Citybilly spins twist on comfort food


Downtown Los Angeles has become saturated with Italian restaurants, which is exactly why the owners of the 20-year-old Pasta Primavera on Seventh Street decided to do away with its original concept and bring a new kind of cuisine to Restaurant Row. The result is Citybilly, a cuisine described as “modern American comfort food with a twist,” which opened Sept. 22.

Glimpses of the Italian restaurant are still visible in the space’s Italian-inspired molding and art, but for a new opening, the eatery is off to its own unique start. Waiters wear suspenders with jeans and a button-down, a look that could be kitschy but works in the understated ambiance. The service is friendly — an escape from loud city life.

South burger · New restaurant Citybilly melds the taste of the South with trendy L.A. cuisine. It features a vegetarian portobella burger topped with walnut pesto sauce, smoked mozzarella and fresh baby arugula. - Theresa Huffman | Daily Trojan

The menu is the real star; every item is designed to bring a little bit of city to old country classics. The Mac’n’Cheeses, served in an iron skillet, is made with three cheeses, blended with distinguishable white truffle oil and topped with bread crumbs to give it a slightly upscale flair. Then there are two variations on the twice-baked potato: The City Potato with goat cheese and truffle and the Billy Potato with cheddar, bacon and chives.

Owner Grace Beck takes extra care to include organic, homegrown produce, which is evident in many of the menu items. The pomegranate lemonade is made with Meyer lemons hand-picked from her own garden and the Herb’n’field-style Greens Salad, which can be ordered as a meal or a side, is full of garden fresh flavors.

Other plates also rely on fresh produce to merge Southern cooking with classic Californian and Asian cuisines. The tuna tartare appetizer is accented with pear, avocado and mint aioli, while one of the chicken entrees is topped with yuzu vinaigrette, a dressing made with a traditional Chinese fruit.

Vegetarians who might feel left out at traditional meat-heavy Southern eateries can find hearty flavor in the portobella burger, a meatless twist on a cookout favorite.

The mushroom is topped with smoked mozzarella, walnut pesto, roasted pepper and baby arugula, all sandwiched between a brioche bun.

With solid lunch and dinner menus and a wine list full of bottles from small vineyards, Citybilly is now focusing on possible weekly specials such as burger and beer Mondays or fried chicken and champagne nights, to draw customers with various and even unexpected combinations.

The restaurant is also working on opening a coffee bar stocked with single-origin, hand-dripped coffees as well as organic teas and fresh pastries for the morning work crowd. The space already lends itself to a coffee shop setup; a bar and a glass case sit on one side of the restaurant, separated from most of the tables by a glass partition. If the chocolate blueberry cake available on the regular menu is any indication, the baked goods rival those of well-known nearby pastry shops.

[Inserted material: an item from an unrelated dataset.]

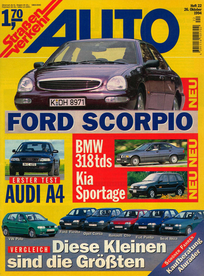 AUTOStraßenverkehr Titel 1994 Heft 22 Vorschau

The restaurant has a separate pastries chef, who is currently working with the management to create sweets that look as good as they taste and reflect various cultural elements. For instance, the apple pie in the works is somewhat of a cross between a French tart and an American classic pie, with perfectly placed apple slices and a shiny glaze.

If your schedule doesn’t allow for a trip Downtown during morning hours, try stopping by for lunch between 11:30 a.m. and 2:30 p.m., Monday through Friday. The lunch menu offerings are very similar to those at dinner, but with a cheaper price tag. Still, the pricing is not unreasonable. None of the appetizers or salads exceeds $10, and the entrees are all less than $20.

Everything, from the creative dishes down to the bill, which takes the form of a miniature tin bucket secured with a clothespin, conveys Citybilly’s subtle whimsical nature.